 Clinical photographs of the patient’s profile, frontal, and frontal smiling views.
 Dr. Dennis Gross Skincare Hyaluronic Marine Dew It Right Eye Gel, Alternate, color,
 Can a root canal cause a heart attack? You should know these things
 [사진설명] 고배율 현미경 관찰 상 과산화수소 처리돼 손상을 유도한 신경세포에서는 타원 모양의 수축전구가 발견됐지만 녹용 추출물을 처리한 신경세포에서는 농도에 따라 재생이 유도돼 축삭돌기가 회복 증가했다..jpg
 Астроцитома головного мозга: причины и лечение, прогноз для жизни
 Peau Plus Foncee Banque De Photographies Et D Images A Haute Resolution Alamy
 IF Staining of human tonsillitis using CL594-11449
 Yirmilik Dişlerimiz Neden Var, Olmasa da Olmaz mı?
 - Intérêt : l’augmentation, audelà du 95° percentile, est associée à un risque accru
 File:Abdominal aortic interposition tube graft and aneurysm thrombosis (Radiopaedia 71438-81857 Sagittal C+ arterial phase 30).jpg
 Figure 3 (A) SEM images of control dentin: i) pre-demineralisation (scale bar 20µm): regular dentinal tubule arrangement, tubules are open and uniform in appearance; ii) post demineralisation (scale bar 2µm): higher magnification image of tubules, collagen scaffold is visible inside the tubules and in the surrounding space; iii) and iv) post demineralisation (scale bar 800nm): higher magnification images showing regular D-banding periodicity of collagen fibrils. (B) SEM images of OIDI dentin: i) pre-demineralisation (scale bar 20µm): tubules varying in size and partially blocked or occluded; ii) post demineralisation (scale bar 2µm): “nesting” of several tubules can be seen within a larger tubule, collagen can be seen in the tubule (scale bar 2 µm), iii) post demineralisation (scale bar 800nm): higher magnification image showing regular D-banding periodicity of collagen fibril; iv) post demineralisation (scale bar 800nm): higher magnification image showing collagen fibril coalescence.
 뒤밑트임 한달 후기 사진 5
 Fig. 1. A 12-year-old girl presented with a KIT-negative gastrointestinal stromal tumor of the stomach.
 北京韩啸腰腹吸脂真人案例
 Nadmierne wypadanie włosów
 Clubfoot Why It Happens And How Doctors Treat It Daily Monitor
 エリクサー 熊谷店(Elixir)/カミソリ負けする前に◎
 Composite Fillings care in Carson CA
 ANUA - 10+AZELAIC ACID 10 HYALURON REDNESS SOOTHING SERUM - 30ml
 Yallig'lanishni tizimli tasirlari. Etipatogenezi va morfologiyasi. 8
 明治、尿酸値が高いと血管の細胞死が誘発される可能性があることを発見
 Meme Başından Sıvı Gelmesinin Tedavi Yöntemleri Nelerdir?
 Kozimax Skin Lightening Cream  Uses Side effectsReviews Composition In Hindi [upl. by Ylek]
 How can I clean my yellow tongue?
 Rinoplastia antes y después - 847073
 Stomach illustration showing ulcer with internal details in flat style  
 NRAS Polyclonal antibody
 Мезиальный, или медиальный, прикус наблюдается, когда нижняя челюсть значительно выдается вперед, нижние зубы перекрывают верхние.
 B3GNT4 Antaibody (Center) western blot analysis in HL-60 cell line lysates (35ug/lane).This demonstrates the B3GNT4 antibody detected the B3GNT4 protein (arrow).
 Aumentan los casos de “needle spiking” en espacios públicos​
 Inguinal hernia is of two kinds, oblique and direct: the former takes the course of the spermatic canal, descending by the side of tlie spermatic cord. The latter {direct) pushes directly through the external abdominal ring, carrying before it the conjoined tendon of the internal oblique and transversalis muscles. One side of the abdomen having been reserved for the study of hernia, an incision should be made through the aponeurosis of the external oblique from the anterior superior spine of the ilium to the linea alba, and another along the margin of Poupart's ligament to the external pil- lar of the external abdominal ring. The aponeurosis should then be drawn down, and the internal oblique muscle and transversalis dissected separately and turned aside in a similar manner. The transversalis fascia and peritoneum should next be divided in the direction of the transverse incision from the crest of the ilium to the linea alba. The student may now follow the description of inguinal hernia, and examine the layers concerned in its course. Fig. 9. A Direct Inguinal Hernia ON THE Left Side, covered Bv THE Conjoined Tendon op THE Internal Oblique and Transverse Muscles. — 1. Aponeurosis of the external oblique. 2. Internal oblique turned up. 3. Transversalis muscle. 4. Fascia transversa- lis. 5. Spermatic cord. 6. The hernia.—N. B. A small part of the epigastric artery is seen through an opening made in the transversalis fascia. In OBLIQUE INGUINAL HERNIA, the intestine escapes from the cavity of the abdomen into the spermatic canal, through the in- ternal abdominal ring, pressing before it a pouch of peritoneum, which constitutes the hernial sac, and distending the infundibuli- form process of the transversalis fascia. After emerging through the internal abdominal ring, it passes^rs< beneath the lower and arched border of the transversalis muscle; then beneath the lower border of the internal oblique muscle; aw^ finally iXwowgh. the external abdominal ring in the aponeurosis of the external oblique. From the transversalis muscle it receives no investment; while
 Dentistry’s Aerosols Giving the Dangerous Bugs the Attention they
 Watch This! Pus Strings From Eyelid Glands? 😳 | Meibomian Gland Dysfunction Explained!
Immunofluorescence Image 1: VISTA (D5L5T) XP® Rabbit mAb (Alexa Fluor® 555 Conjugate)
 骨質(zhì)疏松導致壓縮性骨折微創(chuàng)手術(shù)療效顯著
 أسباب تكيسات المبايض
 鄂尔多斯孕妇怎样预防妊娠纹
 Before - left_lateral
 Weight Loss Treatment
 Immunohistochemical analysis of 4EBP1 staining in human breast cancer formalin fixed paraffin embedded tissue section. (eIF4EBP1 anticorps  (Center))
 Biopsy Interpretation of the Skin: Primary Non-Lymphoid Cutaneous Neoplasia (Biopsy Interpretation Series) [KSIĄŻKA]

....................

▶ **Work required**
Retype all of the data word for word.

▶ **Response to this task**
 Clinical photographs of the patient’s profile, frontal, and frontal smiling views.
 Dr. Dennis Gross Skincare Hyaluronic Marine Dew It Right Eye Gel, Alternate, color,
 Can a root canal cause a heart attack? You should know these things
 [사진설명] 고배율 현미경 관찰 상 과산화수소 처리돼 손상을 유도한 신경세포에서는 타원 모양의 수축전구가 발견됐지만 녹용 추출물을 처리한 신경세포에서는 농도에 따라 재생이 유도돼 축삭돌기가 회복 증가했다..jpg
 Астроцитома головного мозга: причины и лечение, прогноз для жизни
 Peau Plus Foncee Banque De Photographies Et D Images A Haute Resolution Alamy
 IF Staining of human tonsillitis using CL594-11449
 Yirmilik Dişlerimiz Neden Var, Olmasa da Olmaz mı?
 - Intérêt : l’augmentation, audelà du 95° percentile, est associée à un risque accru
 File:Abdominal aortic interposition tube graft and aneurysm thrombosis (Radiopaedia 71438-81857 Sagittal C+ arterial phase 30).jpg
 Figure 3 (A) SEM images of control dentin: i) pre-demineralisation (scale bar 20µm): regular dentinal tubule arrangement, tubules are open and uniform in appearance; ii) post demineralisation (scale bar 2µm): higher magnification image of tubules, collagen scaffold is visible inside the tubules and in the surrounding space; iii) and iv) post demineralisation (scale bar 800nm): higher magnification images showing regular D-banding periodicity of collagen fibrils. (B) SEM images of OIDI dentin: i) pre-demineralisation (scale bar 20µm): tubules varying in size and partially blocked or occluded; ii) post demineralisation (scale bar 2µm): “nesting” of several tubules can be seen within a larger tubule, collagen can be seen in the tubule (scale bar 2 µm), iii) post demineralisation (scale bar 800nm): higher magnification image showing regular D-banding periodicity of collagen fibril; iv) post demineralisation (scale bar 800nm): higher magnification image showing collagen fibril coalescence.
 뒤밑트임 한달 후기 사진 5
 Fig. 1. A 12-year-old girl presented with a KIT-negative gastrointestinal stromal tumor of the stomach.
 北京韩啸腰腹吸脂真人案例
 Nadmierne wypadanie włosów
 Clubfoot Why It Happens And How Doctors Treat It Daily Monitor
 エリクサー 熊谷店(Elixir)/カミソリ負けする前に◎
 Composite Fillings care in Carson CA
 ANUA - 10+AZELAIC ACID 10 HYALURON REDNESS SOOTHING SERUM - 30ml
 Yallig'lanishni tizimli tasirlari. Etipatogenezi va morfologiyasi. 8
 明治、尿酸値が高いと血管の細胞死が誘発される可能性があることを発見
 Meme Başından Sıvı Gelmesinin Tedavi Yöntemleri Nelerdir?
 Kozimax Skin Lightening Cream  Uses Side effectsReviews Composition In Hindi [upl. by Ylek]
 How can I clean my yellow tongue?
 Rinoplastia antes y después - 847073
 Stomach illustration showing ulcer with internal details in flat style  
 NRAS Polyclonal antibody
 Мезиальный, или медиальный, прикус наблюдается, когда нижняя челюсть значительно выдается вперед, нижние зубы перекрывают верхние.
 B3GNT4 Antaibody (Center) western blot analysis in HL-60 cell line lysates (35ug/lane).This demonstrates the B3GNT4 antibody detected the B3GNT4 protein (arrow).
 Aumentan los casos de “needle spiking” en espacios públicos​
 Inguinal hernia is of two kinds, oblique and direct: the former takes the course of the spermatic canal, descending by the side of tlie spermatic cord. The latter {direct) pushes directly through the external abdominal ring, carrying before it the conjoined tendon of the internal oblique and transversalis muscles. One side of the abdomen having been reserved for the study of hernia, an incision should be made through the aponeurosis of the external oblique from the anterior superior spine of the ilium to the linea alba, and another along the margin of Poupart's ligament to the external pil- lar of the external abdominal ring. The aponeurosis should then be drawn down, and the internal oblique muscle and transversalis dissected separately and turned aside in a similar manner. The transversalis fascia and peritoneum should next be divided in the direction of the transverse incision from the crest of the ilium to the linea alba. The student may now follow the description of inguinal hernia, and examine the layers concerned in its course. Fig. 9. A Direct Inguinal Hernia ON THE Left Side, covered Bv THE Conjoined Tendon op THE Internal Oblique and Transverse Muscles. — 1. Aponeurosis of the external oblique. 2. Internal oblique turned up. 3. Transversalis muscle. 4. Fascia transversa- lis. 5. Spermatic cord. 6. The hernia.—N. B. A small part of the epigastric artery is seen through an opening made in the transversalis fascia. In OBLIQUE INGUINAL HERNIA, the intestine escapes from the cavity of the abdomen into the spermatic canal, through the in- ternal abdominal ring, pressing before it a pouch of peritoneum, which constitutes the hernial sac, and distending the infundibuli- form process of the transversalis fascia. After emerging through the internal abdominal ring, it passes^rs< beneath the lower and arched border of the transversalis muscle; then beneath the lower border of the internal oblique muscle; aw^ finally iXwowgh. the external abdominal ring in the aponeurosis of the external oblique. From the transversalis muscle it receives no investment; while
 Dentistry’s Aerosols Giving the Dangerous Bugs the Attention they
 Watch This! Pus Strings From Eyelid Glands? 😳 | Meibomian Gland Dysfunction Explained!
Immunofluorescence Image 1: VISTA (D5L5T) XP® Rabbit mAb (Alexa Fluor® 555 Conjugate)
 骨質(zhì)疏松導致壓縮性骨折微創(chuàng)手術(shù)療效顯著
 أسباب تكيسات المبايض
 鄂尔多斯孕妇怎样预防妊娠纹
 Before - left_lateral
 Weight Loss Treatment
 Immunohistochemical analysis of 4EBP1 staining in human breast cancer formalin fixed paraffin embedded tissue section. (eIF4EBP1 anticorps  (Center))
 Biopsy Interpretation of the Skin: Primary Non-Lymphoid Cutaneous Neoplasia (Biopsy Interpretation Series) [KSIĄŻKA]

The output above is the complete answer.